La journaliste de Médiapart Marine Turchi s'interrogeait dans sa vaste enquête "Faute de preuves" (Editions du Seuil). Aujourd'hui, c'est le Ministère de la Justice en personne qui se questionne, chiffres à l'appui. Dans une nouvelle étude, le ministère affirme effectivement que depuis les prémices de la révolution #MeToo, en 2017, les procédures pour viol et agression sexuelle auraient effectivement... plus que doublé en France.
Concrètement, elle s'élève carrément à 164%, l'augmentation de personnes accusées d'agression sexuelle ou de viol "par conjoint" entre 2017 et 2022. Cela représente 3 641 personnes accusées par des plaignantes au sein du pays. Des chiffres qui en disent long sur une certaine libération de la parole ?...
Comment interpréter ces chiffres impressionnants ?

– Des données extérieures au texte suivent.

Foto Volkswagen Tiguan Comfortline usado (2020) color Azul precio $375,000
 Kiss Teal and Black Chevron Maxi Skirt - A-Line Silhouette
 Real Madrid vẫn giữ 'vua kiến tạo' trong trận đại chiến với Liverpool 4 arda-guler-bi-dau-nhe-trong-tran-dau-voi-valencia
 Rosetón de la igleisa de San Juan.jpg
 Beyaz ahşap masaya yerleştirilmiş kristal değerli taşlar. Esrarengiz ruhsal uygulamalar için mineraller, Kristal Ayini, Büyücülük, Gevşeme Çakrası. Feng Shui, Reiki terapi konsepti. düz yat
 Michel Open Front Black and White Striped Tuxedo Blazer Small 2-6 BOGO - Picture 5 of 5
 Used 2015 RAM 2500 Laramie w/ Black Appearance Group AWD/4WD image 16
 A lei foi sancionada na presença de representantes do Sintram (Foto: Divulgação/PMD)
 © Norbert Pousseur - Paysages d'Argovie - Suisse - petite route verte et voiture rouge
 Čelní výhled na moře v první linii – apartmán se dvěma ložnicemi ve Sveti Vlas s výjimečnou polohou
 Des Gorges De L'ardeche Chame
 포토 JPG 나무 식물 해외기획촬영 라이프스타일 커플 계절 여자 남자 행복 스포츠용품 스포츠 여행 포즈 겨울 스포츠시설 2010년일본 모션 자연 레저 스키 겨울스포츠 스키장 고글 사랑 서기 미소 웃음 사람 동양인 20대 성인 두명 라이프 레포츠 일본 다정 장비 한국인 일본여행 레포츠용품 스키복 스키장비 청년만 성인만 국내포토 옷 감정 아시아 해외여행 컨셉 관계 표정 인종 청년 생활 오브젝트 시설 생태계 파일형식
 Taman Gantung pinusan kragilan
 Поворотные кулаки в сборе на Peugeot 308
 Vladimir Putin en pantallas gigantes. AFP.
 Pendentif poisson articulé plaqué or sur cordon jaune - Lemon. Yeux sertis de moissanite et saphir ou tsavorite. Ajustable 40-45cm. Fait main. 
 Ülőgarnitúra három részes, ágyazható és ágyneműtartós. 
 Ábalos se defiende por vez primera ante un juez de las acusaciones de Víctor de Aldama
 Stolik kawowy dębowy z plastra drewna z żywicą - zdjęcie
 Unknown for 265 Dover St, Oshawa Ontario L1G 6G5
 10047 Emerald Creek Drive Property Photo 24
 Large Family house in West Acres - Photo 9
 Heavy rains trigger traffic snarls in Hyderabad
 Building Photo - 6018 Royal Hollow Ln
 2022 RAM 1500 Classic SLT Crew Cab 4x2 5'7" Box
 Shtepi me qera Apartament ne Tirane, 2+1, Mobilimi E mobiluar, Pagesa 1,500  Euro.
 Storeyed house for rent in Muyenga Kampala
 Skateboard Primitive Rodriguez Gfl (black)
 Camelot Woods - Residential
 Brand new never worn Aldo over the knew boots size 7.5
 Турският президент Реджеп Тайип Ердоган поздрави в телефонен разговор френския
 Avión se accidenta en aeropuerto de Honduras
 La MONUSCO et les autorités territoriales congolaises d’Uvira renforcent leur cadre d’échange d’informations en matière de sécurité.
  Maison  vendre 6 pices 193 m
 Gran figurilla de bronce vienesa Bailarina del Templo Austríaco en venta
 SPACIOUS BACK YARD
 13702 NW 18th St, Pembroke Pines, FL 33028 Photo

Peut être moins comme une révolution que comme un basculement : aujourd'hui, on constate que les affaires de viol et d'agression sexuelle sont davantage médiatisées et relayées auprès du grand public, que cela soit par le biais des médias, des rapports chiffrés délivrés par le ministère de la justice, des témoignages sur les réseaux sociaux. La recrudescence est moins à chercher du côté des faits, que de leur mise en lumière.
"La démultiplication des affaires est davantage le signe d'une progression des signalements et d'un renforcement de la lutte contre les violences sexuelles en général", détaille à ce titre la présidente de l'Observatoire des violences envers les femmes de Seine-Saint-Denis Ernestine Ronai, dixit le magazine ELLE.
"Révolution" à relativiser donc. En mars dernier, une étude de Simone Media et de l'association En Avant Toute(s) menée par la journaliste Chloé Thibaud auprès de 1 115 individus nous apprenait que malgré le mouvement MeToo, un quart des hommes ont déjà insisté pour avoir une relation sexuelle. Quand bien même 45,3% d'entre eux considèrent par ailleurs que le mouvement #MeToo "a eu un impact bien réel sur sa façon de se comporter".
Dans son enquête Faute de preuves (Editions du Seuil), la journaliste d'investigation Marine Turchi démontrait les limites mais aussi l'introspection de la justice face à MeToo. Et elle expliquait dans nos pages : "Il y a une méconnaissance globale dans la société de la manière dont la justice travaille, de ce qu'elle peut faire, ne pas faire, comment elle le fait".
"Pour beaucoup de gens, la justice est comme une boîte noire dont on ne sait pas grand-chose, une machine froide déconnectée des réalités. Alors que les magistrats qui sont désireux de bien faire ne sont pas rares."
"Une chose sur laquelle réfléchir, c'est ce que peut la justice en terme de réparation, ce qui rejoint la question des attentes des victimes. Or chaque personne victime (je préfère dire "personne victime" plutôt que "victime") a des attentes différentes. Que l'agresseur aille en prison, qu'un procès public se tienne, qu'il y ait une reconnaissance des faits par l'auteur, l'entourage ou l'entreprise (si cela concerne le lieu du travail)... Il y a une marge de manoeuvre pour la justice concernant une meilleure prise en compte de ces enjeux."